Directions for this task:
Given the records below, the lines starting at the line with "Versace Sunglasses Ve4491" and ending at the line with "Vintage Custom Made" should be output exactly, both end lines kept and pictures left out.

Material provided:
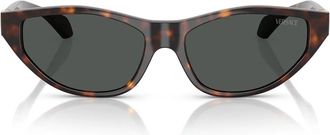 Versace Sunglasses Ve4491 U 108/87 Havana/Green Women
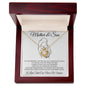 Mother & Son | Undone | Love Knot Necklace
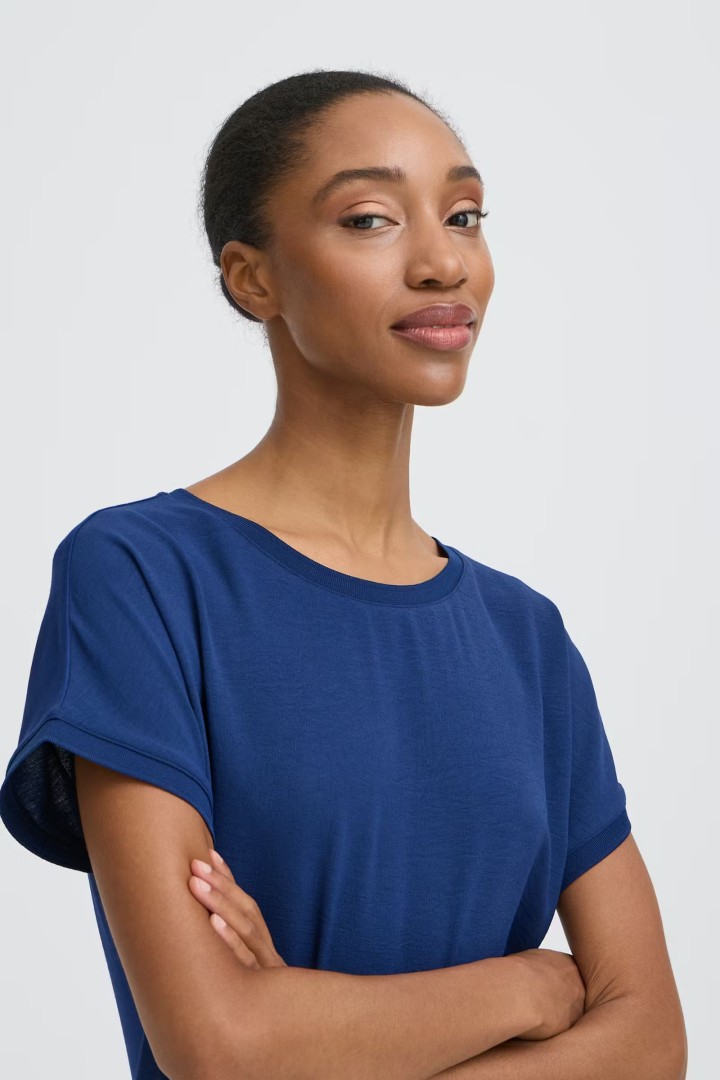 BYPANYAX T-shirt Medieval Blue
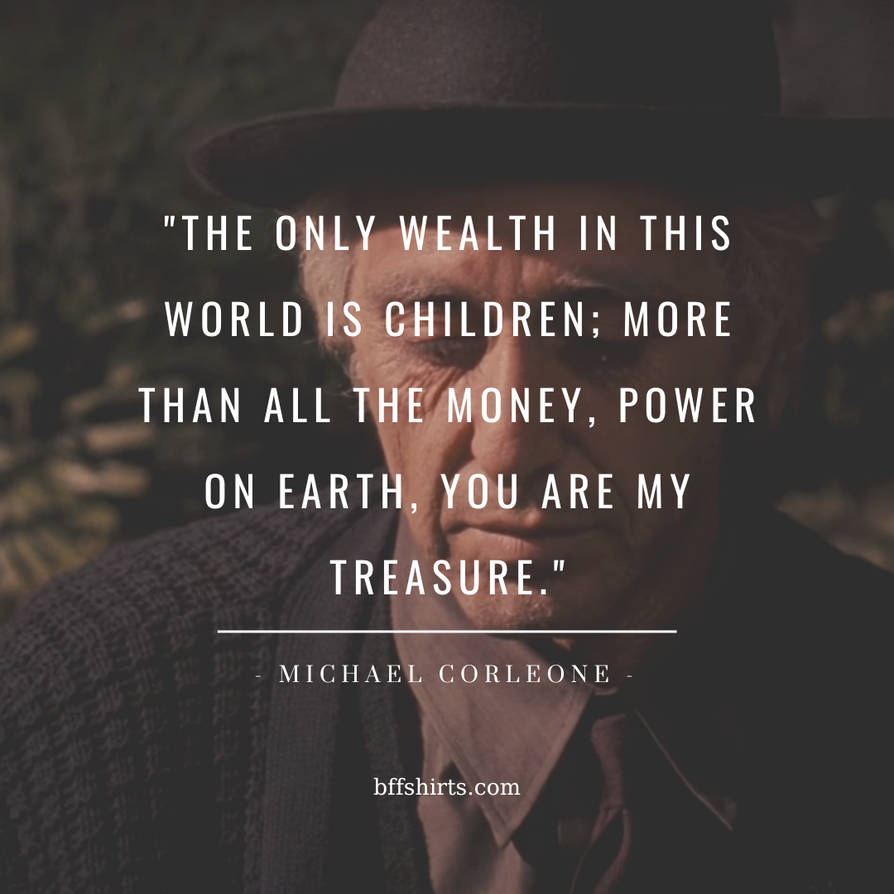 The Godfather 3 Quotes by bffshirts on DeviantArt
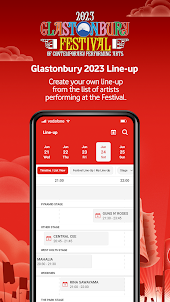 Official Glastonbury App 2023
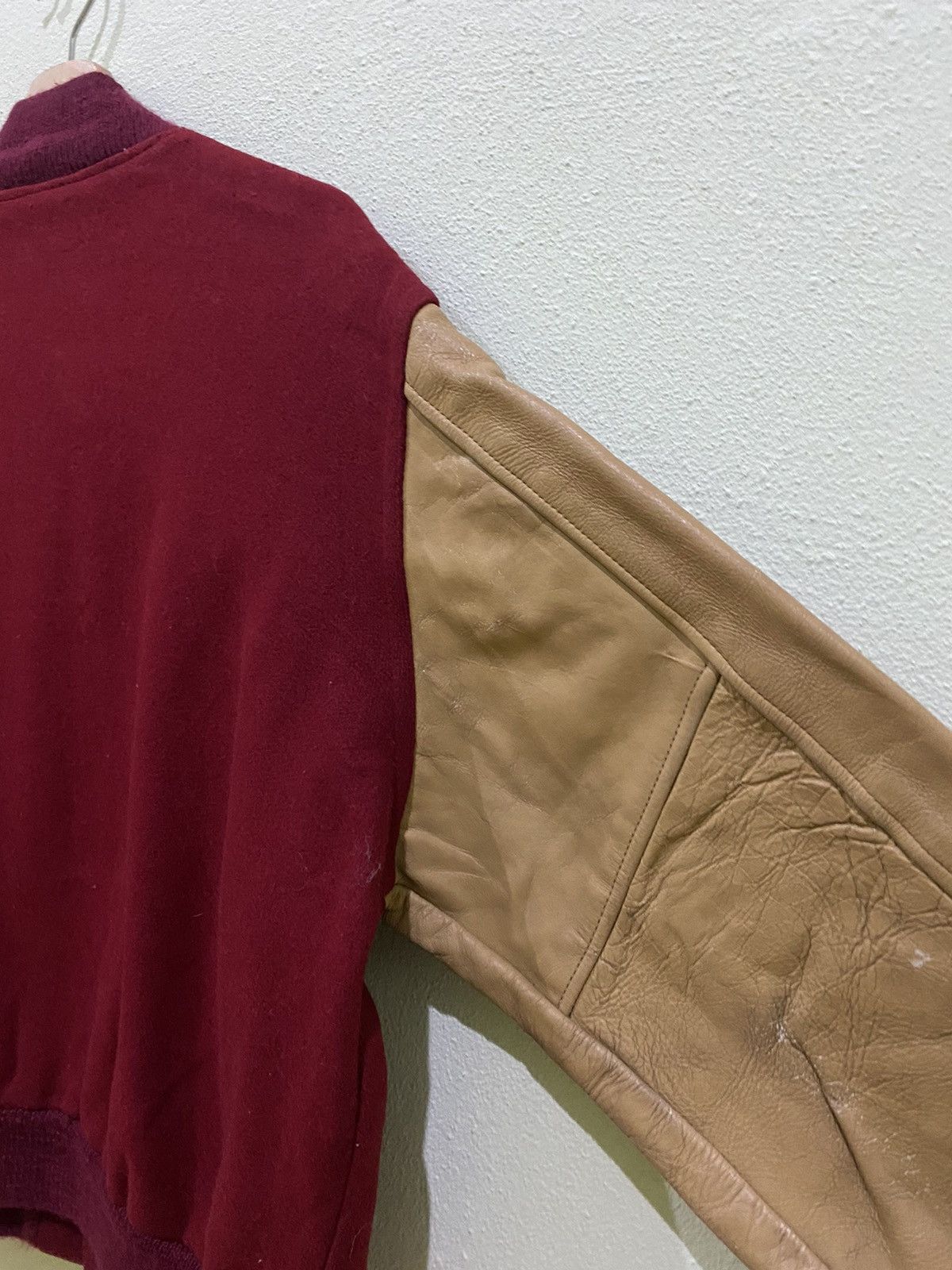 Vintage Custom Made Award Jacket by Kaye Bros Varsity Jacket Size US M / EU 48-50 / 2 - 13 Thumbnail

...

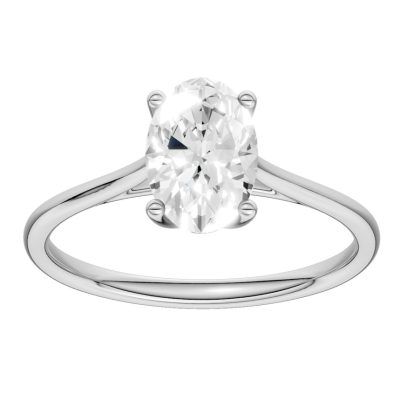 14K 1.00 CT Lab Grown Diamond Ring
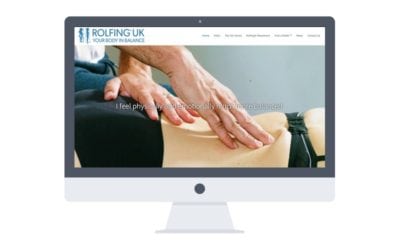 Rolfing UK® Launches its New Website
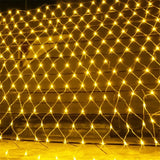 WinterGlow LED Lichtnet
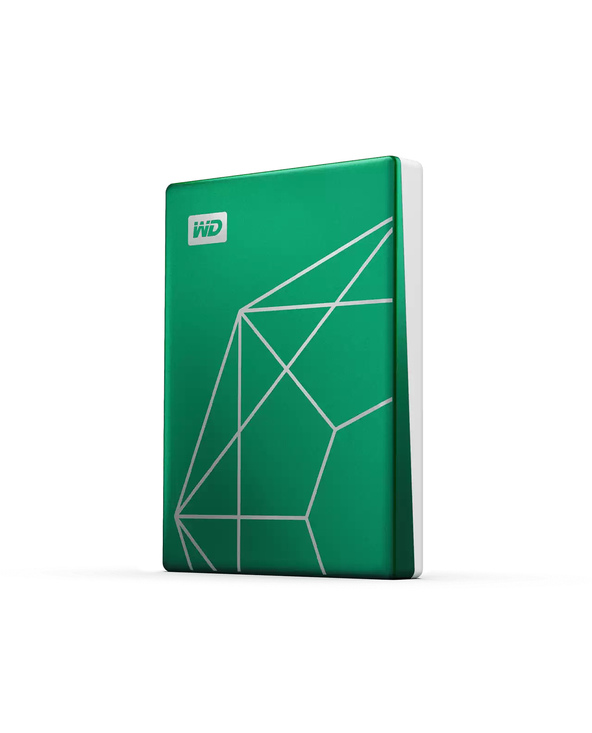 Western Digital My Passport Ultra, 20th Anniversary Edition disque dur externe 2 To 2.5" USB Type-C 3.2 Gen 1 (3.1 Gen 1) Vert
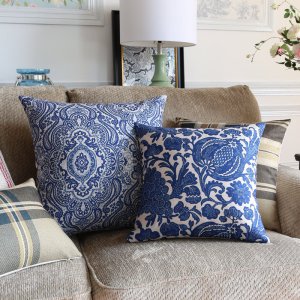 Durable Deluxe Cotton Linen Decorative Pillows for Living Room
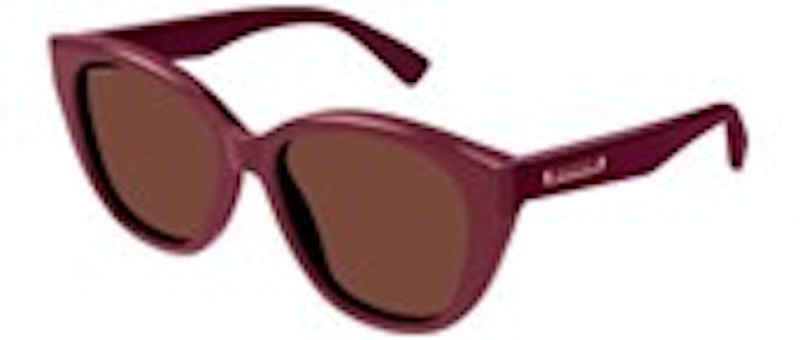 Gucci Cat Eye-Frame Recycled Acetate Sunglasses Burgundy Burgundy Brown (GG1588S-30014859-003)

Solution:
 Versace Sunglasses Ve4491 U 108/87 Havana/Green Women
 Mother & Son | Undone | Love Knot Necklace
 BYPANYAX T-shirt Medieval Blue
 The Godfather 3 Quotes by bffshirts on DeviantArt
 Official Glastonbury App 2023
 Vintage Custom Made Award Jacket by Kaye Bros Varsity Jacket Size US M / EU 48-50 / 2 - 13 Thumbnail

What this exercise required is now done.